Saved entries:
* * * * * * *

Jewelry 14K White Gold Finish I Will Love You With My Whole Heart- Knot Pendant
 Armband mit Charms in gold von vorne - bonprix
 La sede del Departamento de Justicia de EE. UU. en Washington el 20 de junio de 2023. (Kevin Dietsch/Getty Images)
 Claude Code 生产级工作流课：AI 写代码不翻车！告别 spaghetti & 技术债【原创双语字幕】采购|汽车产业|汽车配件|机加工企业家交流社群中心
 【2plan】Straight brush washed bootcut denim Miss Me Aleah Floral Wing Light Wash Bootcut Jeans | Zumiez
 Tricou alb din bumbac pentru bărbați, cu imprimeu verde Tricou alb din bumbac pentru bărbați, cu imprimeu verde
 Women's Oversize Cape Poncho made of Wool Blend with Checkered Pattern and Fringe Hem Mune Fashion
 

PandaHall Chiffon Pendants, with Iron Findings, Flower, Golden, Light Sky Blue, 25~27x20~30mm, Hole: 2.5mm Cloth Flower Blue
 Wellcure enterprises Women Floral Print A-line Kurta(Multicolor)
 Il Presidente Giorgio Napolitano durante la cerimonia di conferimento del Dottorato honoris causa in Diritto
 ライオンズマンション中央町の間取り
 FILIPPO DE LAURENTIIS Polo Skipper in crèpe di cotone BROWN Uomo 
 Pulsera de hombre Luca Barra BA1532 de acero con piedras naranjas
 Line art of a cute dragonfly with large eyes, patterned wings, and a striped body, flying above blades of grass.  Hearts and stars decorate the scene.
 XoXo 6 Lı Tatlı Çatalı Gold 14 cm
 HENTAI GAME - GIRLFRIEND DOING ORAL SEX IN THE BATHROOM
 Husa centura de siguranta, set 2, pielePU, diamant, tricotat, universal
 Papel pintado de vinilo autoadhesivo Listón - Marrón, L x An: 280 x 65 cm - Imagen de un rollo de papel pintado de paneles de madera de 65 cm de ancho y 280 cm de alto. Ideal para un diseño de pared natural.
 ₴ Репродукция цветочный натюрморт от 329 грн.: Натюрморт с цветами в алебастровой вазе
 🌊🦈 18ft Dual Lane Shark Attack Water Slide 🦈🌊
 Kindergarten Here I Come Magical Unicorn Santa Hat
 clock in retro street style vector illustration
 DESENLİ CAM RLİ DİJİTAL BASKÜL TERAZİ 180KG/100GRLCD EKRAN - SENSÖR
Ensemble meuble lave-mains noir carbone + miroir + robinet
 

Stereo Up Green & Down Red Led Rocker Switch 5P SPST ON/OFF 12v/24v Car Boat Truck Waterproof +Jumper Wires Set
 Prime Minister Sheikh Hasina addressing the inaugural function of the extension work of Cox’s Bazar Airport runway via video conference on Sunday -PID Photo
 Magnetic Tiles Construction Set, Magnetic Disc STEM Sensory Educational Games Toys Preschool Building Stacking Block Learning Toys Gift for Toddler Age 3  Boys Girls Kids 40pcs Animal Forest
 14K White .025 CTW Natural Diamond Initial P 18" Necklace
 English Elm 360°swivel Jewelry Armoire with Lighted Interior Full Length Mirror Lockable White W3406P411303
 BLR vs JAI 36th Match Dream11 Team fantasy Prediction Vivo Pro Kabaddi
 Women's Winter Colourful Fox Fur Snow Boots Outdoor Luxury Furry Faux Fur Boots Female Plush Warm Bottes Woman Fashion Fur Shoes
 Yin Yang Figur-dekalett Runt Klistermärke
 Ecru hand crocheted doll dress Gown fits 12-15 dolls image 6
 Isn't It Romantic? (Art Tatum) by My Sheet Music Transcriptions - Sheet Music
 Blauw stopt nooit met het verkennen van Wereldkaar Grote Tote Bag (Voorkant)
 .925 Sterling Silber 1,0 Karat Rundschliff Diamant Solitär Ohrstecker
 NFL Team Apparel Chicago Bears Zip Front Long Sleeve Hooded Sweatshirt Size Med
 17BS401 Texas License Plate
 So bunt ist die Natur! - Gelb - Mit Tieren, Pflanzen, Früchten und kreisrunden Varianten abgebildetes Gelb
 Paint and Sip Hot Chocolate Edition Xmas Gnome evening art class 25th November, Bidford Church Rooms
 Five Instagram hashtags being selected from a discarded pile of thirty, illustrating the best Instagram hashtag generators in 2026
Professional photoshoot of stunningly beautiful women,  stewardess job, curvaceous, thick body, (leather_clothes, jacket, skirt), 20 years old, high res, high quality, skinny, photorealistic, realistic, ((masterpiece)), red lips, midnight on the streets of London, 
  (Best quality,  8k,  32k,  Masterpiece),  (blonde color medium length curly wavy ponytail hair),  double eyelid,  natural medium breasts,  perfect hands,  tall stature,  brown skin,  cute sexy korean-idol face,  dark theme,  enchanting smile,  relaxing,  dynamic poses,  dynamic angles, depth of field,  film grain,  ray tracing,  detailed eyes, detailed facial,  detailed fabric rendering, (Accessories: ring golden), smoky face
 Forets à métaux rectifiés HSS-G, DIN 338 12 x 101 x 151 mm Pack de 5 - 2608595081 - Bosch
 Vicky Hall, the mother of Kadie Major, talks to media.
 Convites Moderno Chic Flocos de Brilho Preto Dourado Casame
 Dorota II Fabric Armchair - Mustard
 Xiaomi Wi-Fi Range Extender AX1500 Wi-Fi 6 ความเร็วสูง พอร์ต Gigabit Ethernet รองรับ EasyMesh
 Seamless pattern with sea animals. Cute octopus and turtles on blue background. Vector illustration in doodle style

* * * * * * *

Look back at the data above. Transcribe exactly the lines starting at the line that contains "Prime Minister Sheikh" and ending at the line that contains "17BS401 Texas License Plate".

 Prime Minister Sheikh Hasina addressing the inaugural function of the extension work of Cox’s Bazar Airport runway via video conference on Sunday -PID Photo
 Magnetic Tiles Construction Set, Magnetic Disc STEM Sensory Educational Games Toys Preschool Building Stacking Block Learning Toys Gift for Toddler Age 3  Boys Girls Kids 40pcs Animal Forest
 14K White .025 CTW Natural Diamond Initial P 18" Necklace
 English Elm 360°swivel Jewelry Armoire with Lighted Interior Full Length Mirror Lockable White W3406P411303
 BLR vs JAI 36th Match Dream11 Team fantasy Prediction Vivo Pro Kabaddi
 Women's Winter Colourful Fox Fur Snow Boots Outdoor Luxury Furry Faux Fur Boots Female Plush Warm Bottes Woman Fashion Fur Shoes
 Yin Yang Figur-dekalett Runt Klistermärke
 Ecru hand crocheted doll dress Gown fits 12-15 dolls image 6
 Isn't It Romantic? (Art Tatum) by My Sheet Music Transcriptions - Sheet Music
 Blauw stopt nooit met het verkennen van Wereldkaar Grote Tote Bag (Voorkant)
 .925 Sterling Silber 1,0 Karat Rundschliff Diamant Solitär Ohrstecker
 NFL Team Apparel Chicago Bears Zip Front Long Sleeve Hooded Sweatshirt Size Med
 17BS401 Texas License Plate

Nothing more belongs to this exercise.